David Hansen

Spatial Data Coordinate Quality and the ArcInfo Data Model

ABSTRACT: The Spatial Data Transfer Standards and the Content Standards for Digital Geopsatial Metadata call for a data quality report to accompany GIS data sets. Data quality of GIS data sets is often a difficult problem to address. The data quality report specified in these standards provides an initial basis for assessing the quality of the spatial components of a GIS data set. This report contains a description of the lineage of the GIS data set and an assessment of the positional accuracy of the coordinate values. The standards do not include elements which describe an error estimate for a confidence interval of the values, or the precision to which the values are carried.

The source of the spatial features and the digital capture method provides an initial estimate of the resolution of the spatial features, the accuracy of the coordinate values, and the precision of those values. Increasingly, GIS data sets are developed with measured or calculated coordinate values with known precision for those values and an error estimate with a stated confidence interval. Many data sets are not static but are updated with revised information on feature location. Increasingly, these updates include more accurate coordinate information than was available from the initial source document.

This information represents feature or entity level information that can and should be carried with the GIS data set. Much as perimeter and area are stored as attributes of a GIS data set, these characteristics of the features provide information that can be used in estimating the range of reported values of distance, length, and area calculations.

Presently the ArcInfo data model stores information which is applicable to the extent of the coverage and information which is system dependent. This includes the precision used for coordinate storage, the tolerances used in processing the coverage, and the log files. Coordinate values with error estimates is lineage information that should be captured from the sources of the features. As conventions develope for describing and handling this information, the GIS software can begin to use it in data processing. This will assist in evaluating the results of GIS analysis and in the development of error models for GIS processing.


INTRODUCTION

This paper concerns the data quality of the spatial features or components of GIS data sets. The Spatial Data Transfer Standard (SDTS)requires a data quality report to accompany transfer of digital spatial data. Components of this data quality report are further defined as elements in the FGDC Content Standards for Digital Geospatial Metadata as part of the data quality section. These documents provide a basis for identifying characteristics of GIS data sets that are useful in both managing GIS data sets and in describing their quality. While the focus of this paper is on the data quality of the spatial features, some of the material also relates to the attribute portion of the GIS data sets.

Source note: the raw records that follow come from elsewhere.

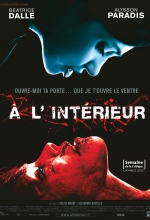 A l'intérieur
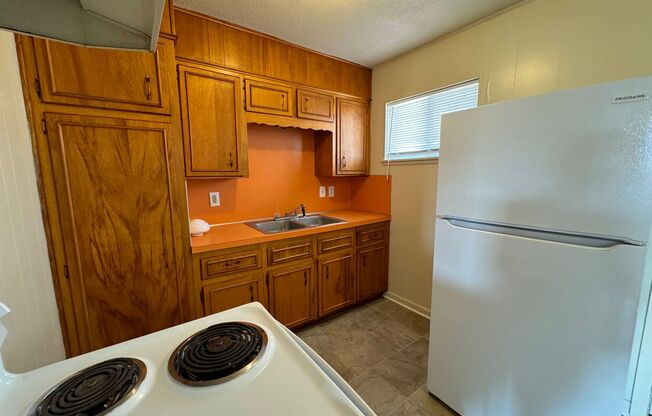 2 beds, 1 bath, $650, Unit Unit E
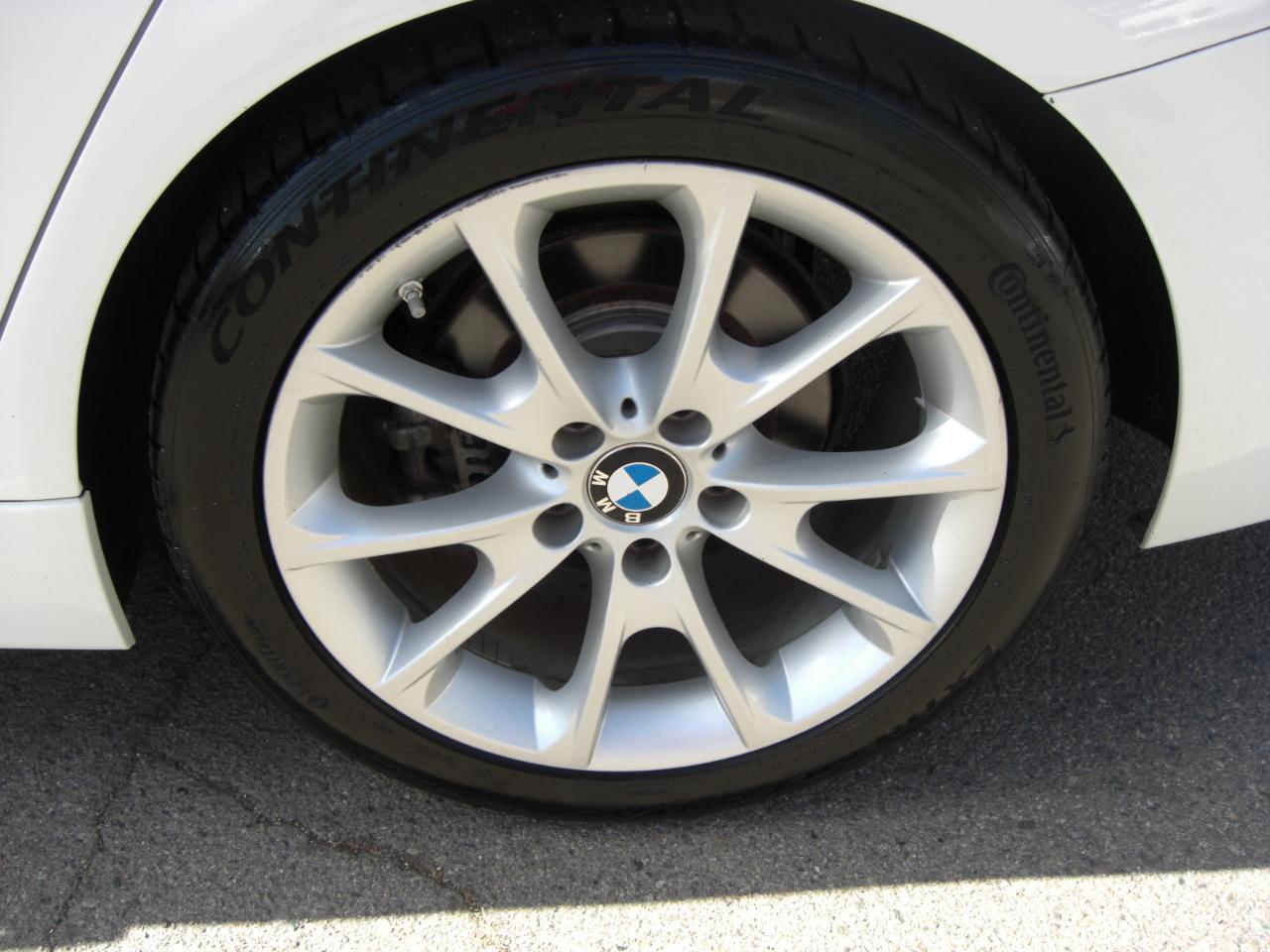 BMW 3 Series 4dr Sdn 320i RWD 2014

Data Quality in the Context of the Content Standards for Digital Geospatial Metadata

The section of the Content Standards on data quality contains most of the elements that are discussed.

Data Quality section
Attribute Accuracy
Elements describing table components of the GIS data set. It parallels the section on positional accuracy.
Logical Consistency Report
This is a description of the fidelity of relationships in the data set and the test used. It has been interpreted in various ways by different investigators. The logical consistency report may focus on the operation of the GIS software in maintaining the data structure. It may focus on the consistent reproduction of results in a GIS analysis. The focus may be on consistent representation of the same or similar spatial features. For the data set, it is implied that construction rules were applied uniformly over the entire extent of the data set.
Completeness Report
This report basically identifies the criteria or rules used in the development of the data set. Implied in the selection criteria is the resolution at which features were captured for the data set.
Positional Accuracy
A report on the horizontal and where applicable the vertical accuracy of the spatial data set. The emphasis is on accuracy of the coordinate values in the X, Y, and Z plane. Error estimates with a confidence intervals for these coordinate values are not explicitly described as elements nor is the precision of coordinate values. Other dimensions such as position, area, length, or orientation of the spatial features are not explicitly identified.
Lineage
This section describes the sources used in the development of data set and the processing history. It is the section that provides much of the supporting information for the positional accuracy report.
  • Source Citation
  • Source Scale Denominator
  • Type of Source Media
  • Source Time Period of Content
  • Process Description
  • Process Date
  • Process Time
  • Process Contact
In addition to the information called for in this section, the spatial reference information contains key parameters identifying the coordinate system or map projection and the resolution of those coordinates. As pointed out by Buttenfield, this information provides an initial basis for evaluating the data quality of a spatial data set for an application. It follows concepts followed in developing cartographic products and the National Map Accuracy Standard. However, it will fall short in providing information necessary to model error propagation when using a data set in GIS analysis with other data sets or in providing an accuracy assessment of the values reported by GIS.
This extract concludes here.